BEGIN

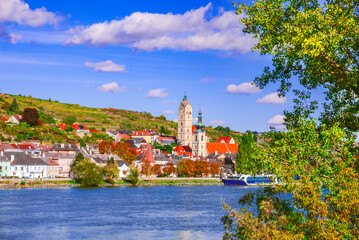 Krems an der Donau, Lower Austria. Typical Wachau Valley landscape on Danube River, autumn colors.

END
BEGIN

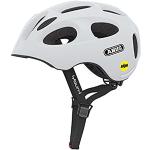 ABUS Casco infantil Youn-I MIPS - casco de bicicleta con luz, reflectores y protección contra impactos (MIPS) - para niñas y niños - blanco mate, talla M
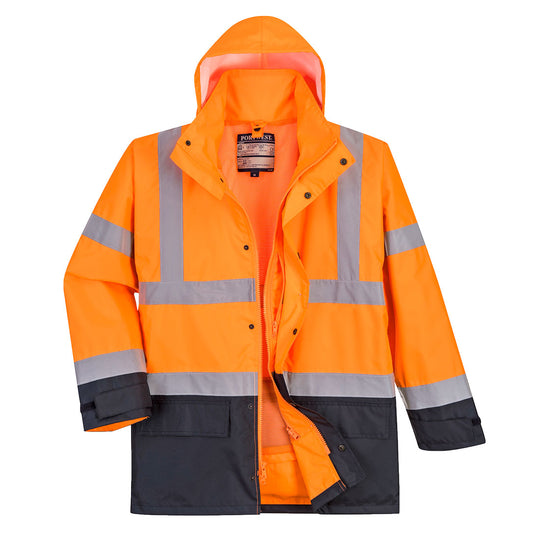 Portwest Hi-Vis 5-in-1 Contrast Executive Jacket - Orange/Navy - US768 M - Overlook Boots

END
BEGIN

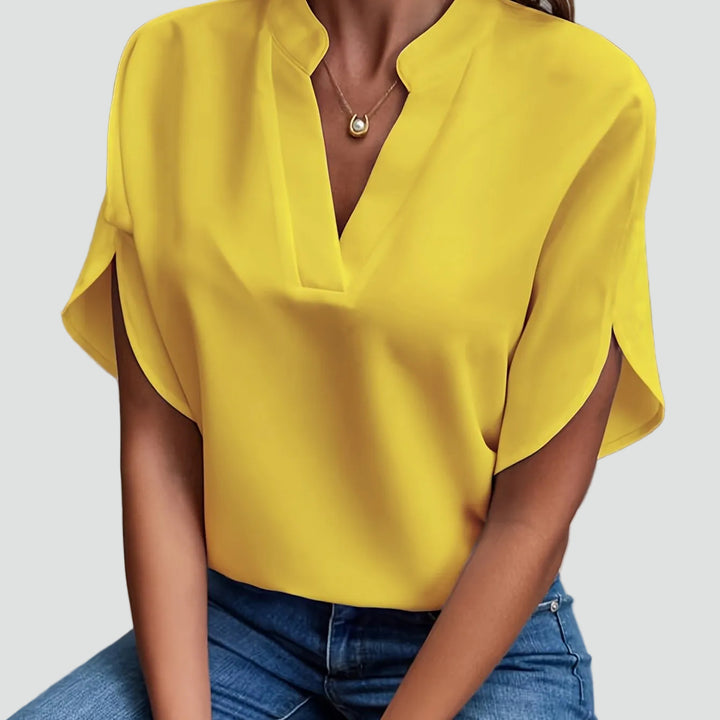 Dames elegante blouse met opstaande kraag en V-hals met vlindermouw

END

(EXERCISE REQUIREMENTS): For this exercise, return exactly the lines above from the line with "ABUS Casco infantil" through the line with "Portwest Hi-Vis 5-in-1", both included. Do not copy the pictures.

(EXERCISE OUTPUT):
 ABUS Casco infantil Youn-I MIPS - casco de bicicleta con luz, reflectores y protección contra impactos (MIPS) - para niñas y niños - blanco mate, talla M
 Portwest Hi-Vis 5-in-1 Contrast Executive Jacket - Orange/Navy - US768 M - Overlook Boots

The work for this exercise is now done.